- Outfielder
- Born: August 30, 1980 (age 45) Cleveland, Ohio, U:S.
- Bats: LeftThrows: Left
- Stats at Baseball Reference

= Bobby Kingsbury =

Robert Raymond Kingsbury (born August 30, 1980) is an American baseball player.

He went to school at Fordham where he set an NCAA record for stolen bases in a game (8), and was drafted by the Pittsburgh Pirates in the 8th round of the 2002 Major League Baseball Draft, but his excellent glove, a quick bat, an intelligent hitting approach, and his work ethic "could have given him a third or fourth-round pick if he'd gone to a warm-weather college".

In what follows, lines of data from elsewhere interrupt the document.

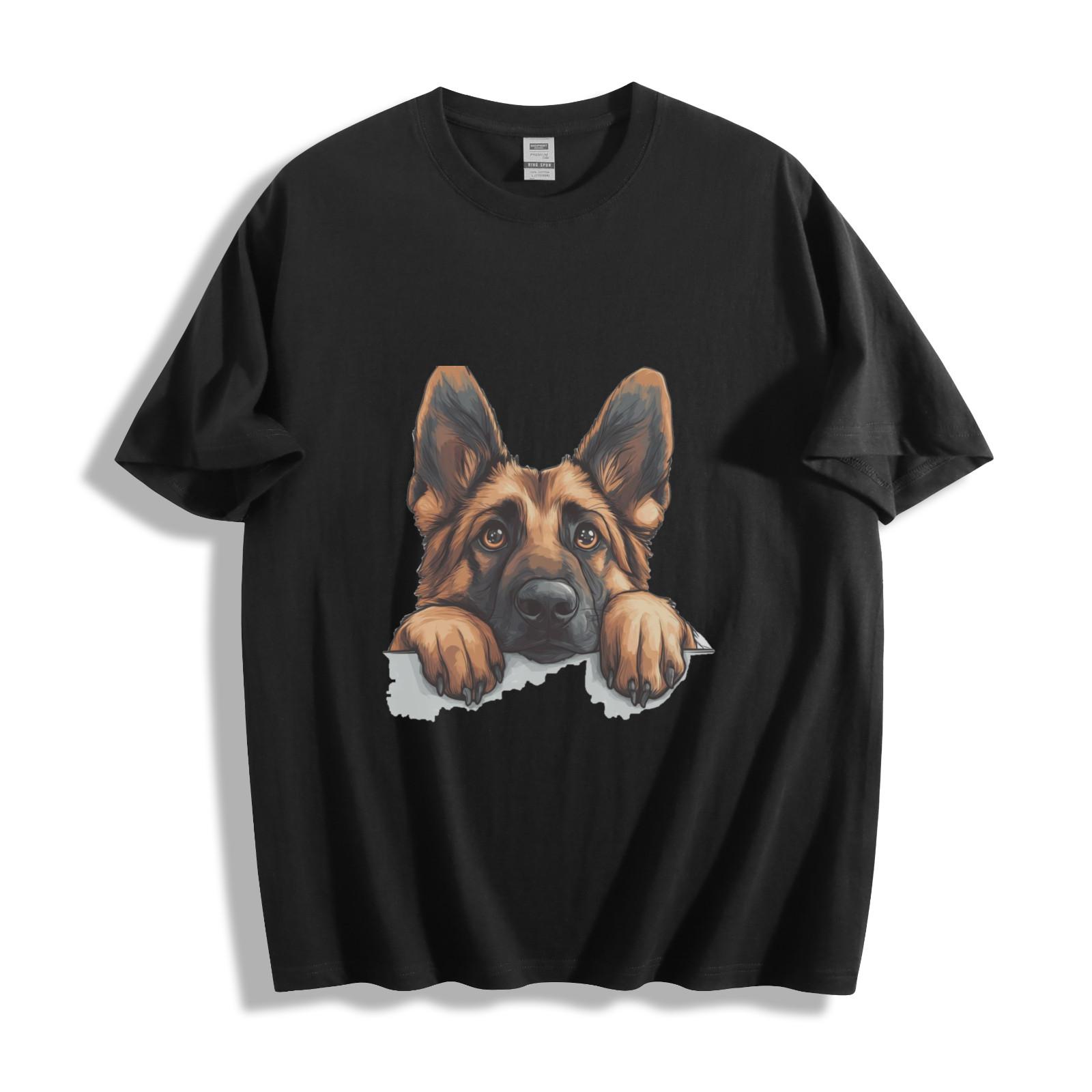 Peeking German Shepherd T-Shirt Mens Womens Tees Top - Curious Dog Design Unisex Tee XL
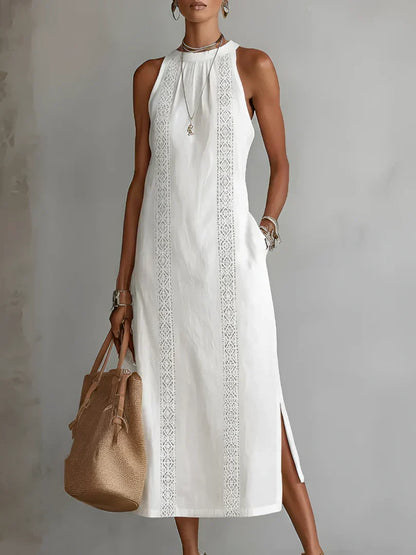 Valeria | Elegant Cotton-Linen Midi Dress with Mandarin Collar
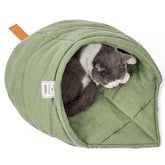 TANGN cat sleeping bag linen cave green for warmth and nesting.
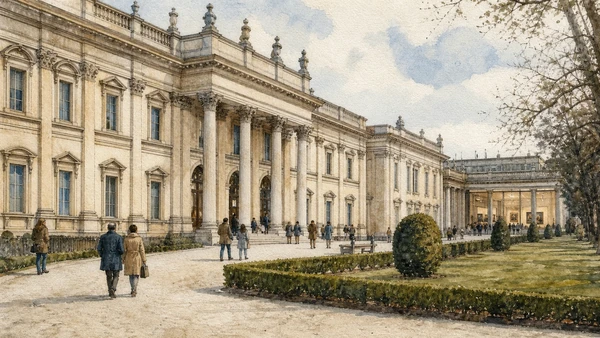 Original documentary watercolour of Villa Reale and GAM: private villa remade as public museum in Milan · Lombardy, showing accurate architecture, landscape, people and present-day use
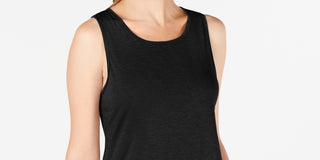 Ideology Women's Mesh Hem Tank Top Black Size Medium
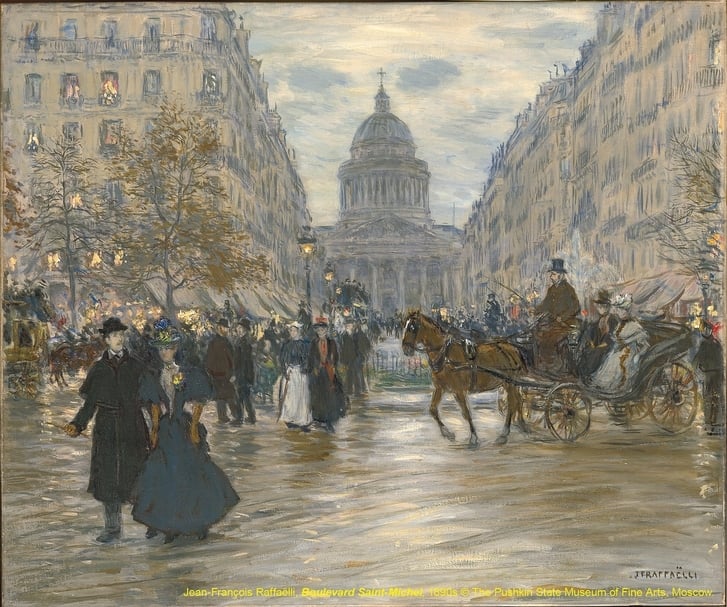尚－法蘭索瓦．哈斐利（Jean-François Raffaëlli）《聖米歇爾大道》（Boulevard Saint-Michel ），1890s。（主辦單位提供）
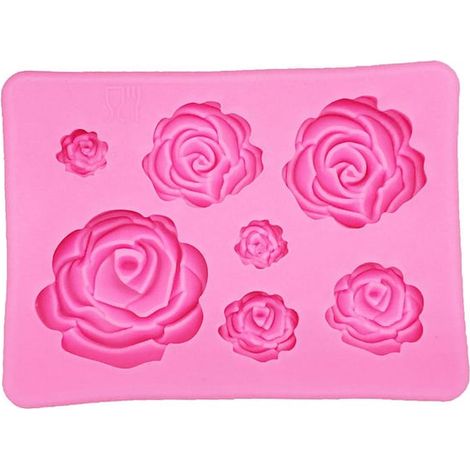 Moule en silicone pour pâtisserie / chocolat - Roses (1/2)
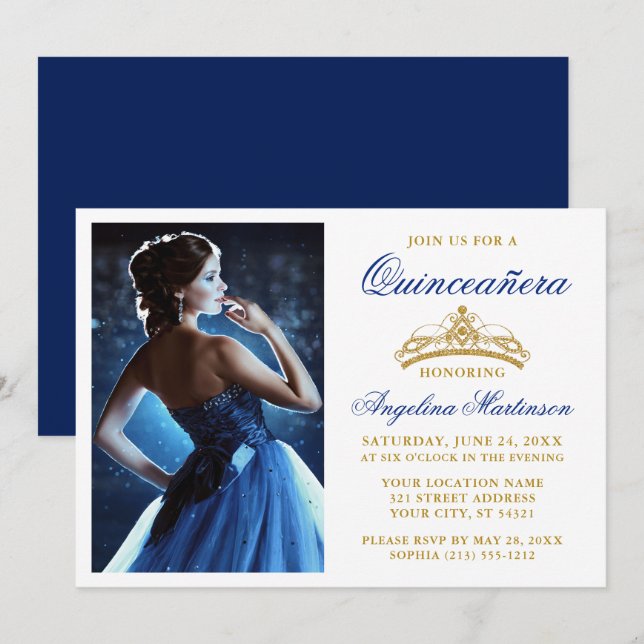 Modern Elegant Gold Crown Royal Blue Quinceanera Invitation (Front/Back)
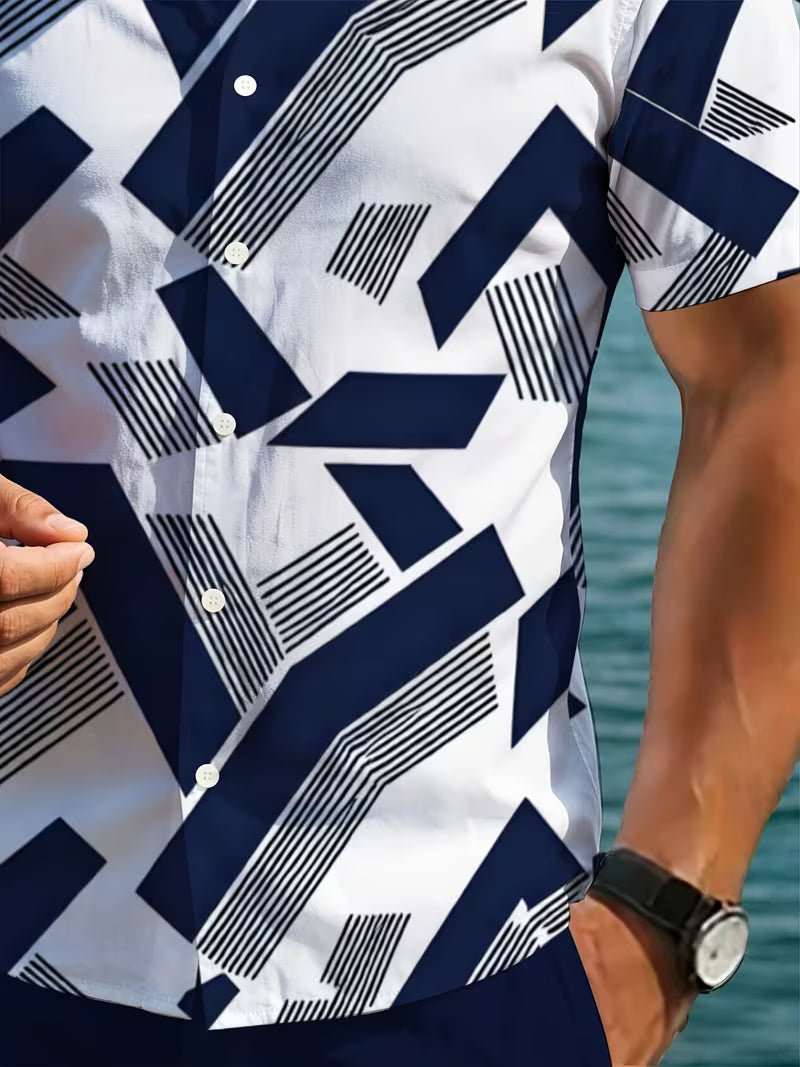 Men’s White Printed Shirt and Shorts Set – 2-Piece Summer Outfit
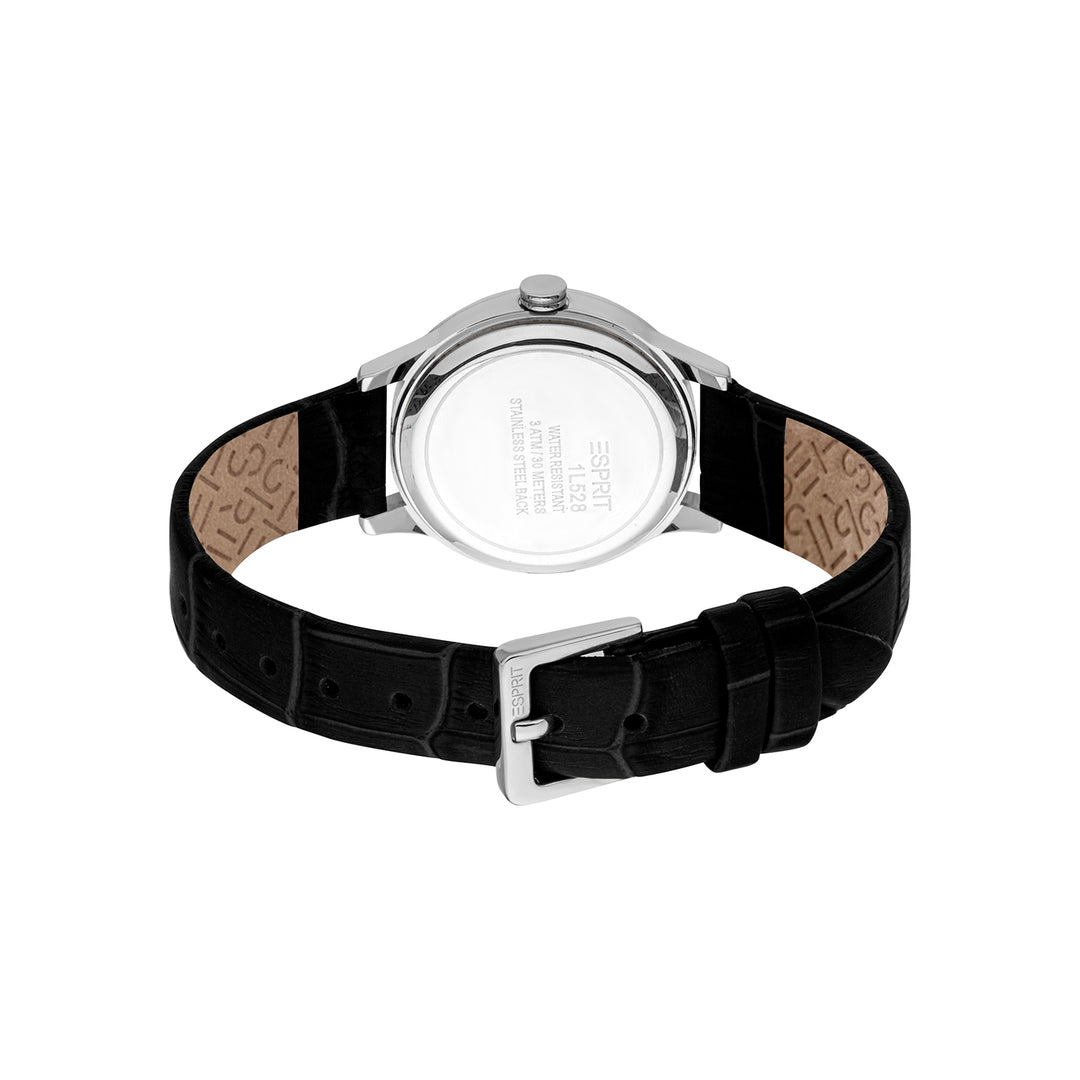 ESPRIT Women Watch, Silver Color Case, Silver Dial, Black Leather Strap, 3 Hands, 3 ATM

He is a two-time Atlantic 10 Conference Player of the Year award winner and went on to play in the Pittsburgh Pirates minor-league organization. Kingsbury was the first baseball player to consecutively earn Atlantic 10 Player of the Year Awards, in 2001 and 2002.

During the 2004 Summer Olympics held in Athens, Greece, Kingsbury, who has a Greek grandmother, was given the chance to play for the host nation, Greece. Most of the players on the Greek baseball team were Americans with Greek heritage, including North Florida coach Dusty Rhodes, and White Sox scout John Kazanas, Clay Bellinger of the Orioles, outfielders Nick Markakis the Orioles and Nick Theodorou of the Dodgers, and catchers Mike Tonis of Royals and George Kottaras of the Padres.

Kingsbury, an alumnus and 2008 Hall of Fame inductee of Fordham University and current member of the Pittsburgh Pirates organization, picked up one of the biggest hits of the tournament for Greece, an RBI triple, in their lone win, which came against Italy in the preliminary round.

In the spring of 2006, Kingsbury was invited to the Pirates major-league camp in Bradenton, Florida, as a non-roster invitee. During the seventh inning of the first game against the Philadelphia Phillies, Kingsbury dove for a ball in right field and upon hitting the ground dislocated his left throwing shoulder. He ended his 2006 campaign after suffering a full rotator cuff tear and a tear in his labrum.